Officials in Bonney Lake, which, along with Orting, is the closest city to the county land that Cascadia is planned on, are also working to prepare for the project’s windfall. Bonney Lake Public Works Director Dan Grigsby said several mitigation projects have been planned, including adding an additional left turn lane for westbound traffic and a new traffic signal at the intersection of State Route 410 and the Sumner-Buckley Highway and adding sidewalks to the Sumner-Buckley Highway. A planned project that the city and Pierce County are teaming up on is to create a road on the as-yet-unpaved section of 198th Avenue East, which would create a direct route between Cascadia and Mountain View Middle and Bonney Lake High schools.

“The biggest development impact on the city is ... from additional traffic that would flow through our city,” Grigsby said, adding that the projected population of Cascadia, about 30,000, is double the size of Bonney Lake. “We’re working on that.”

Bonney Lake Mayor Neil Johnson said that Kuo and Cascadia officials have mitigated much of their impact, giving the city money for some of those projects. He said he speaks often to Kuo and thinks that as long as Cascadia lives up to the promise of offering thousands of new jobs, the development will be positive for the city.

“If it remains an employment-based community, it could have a positive effect for Bonney Lake,” Johnson said. “That’s what we’ve been banking on ... that’s the biggest key.”

Still, Johnson said, he understands Enslow’s concern for traffic. It’s a concern he shares as well.
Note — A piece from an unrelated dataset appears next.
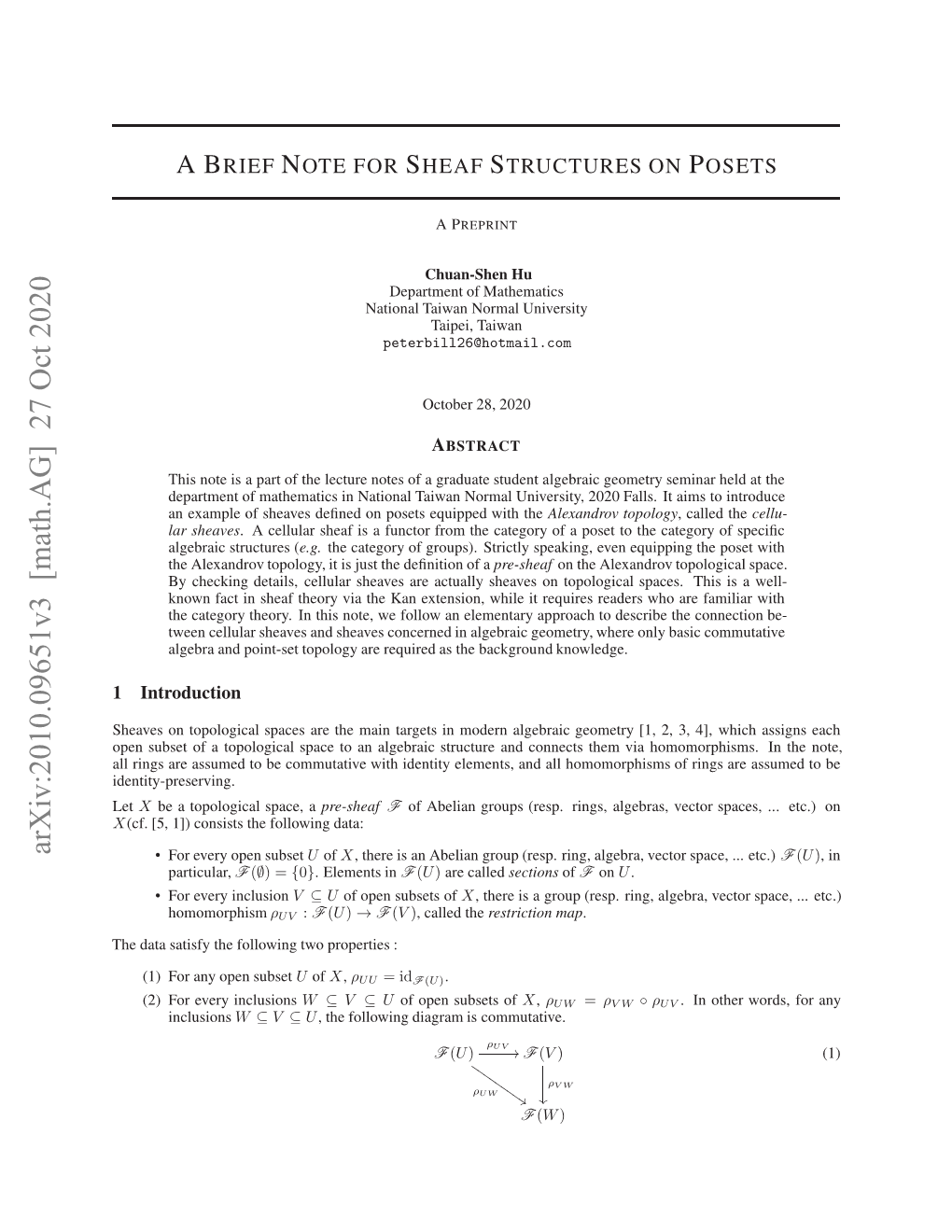 Arxiv:2010.09651V3 [Math.AG] 27 Oct 2020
“There will be a traffic flow and (we worry about) how will people live the plateau?” he said, adding that his greatest fear is creating a massive housing-only development like Sunrise Village on South Hill. “From that standpoint, (Cascadia officials) have done a good job with mitigation. I think the big question will be in 10, 15, 20 years, will the state and county follow through on (construction) that they are planning? All it takes is for (one) road not to happen and ... that could be gridlock.”

Regardless of whether the immense development project is welcomed or shunned in East Pierce County, Ladenburg is convinced the completion of such a project will alter the course of developments in the future.

“I’ve been in government long enough to know that when somebody does something like this, it changes the rules,” Ladenburg said.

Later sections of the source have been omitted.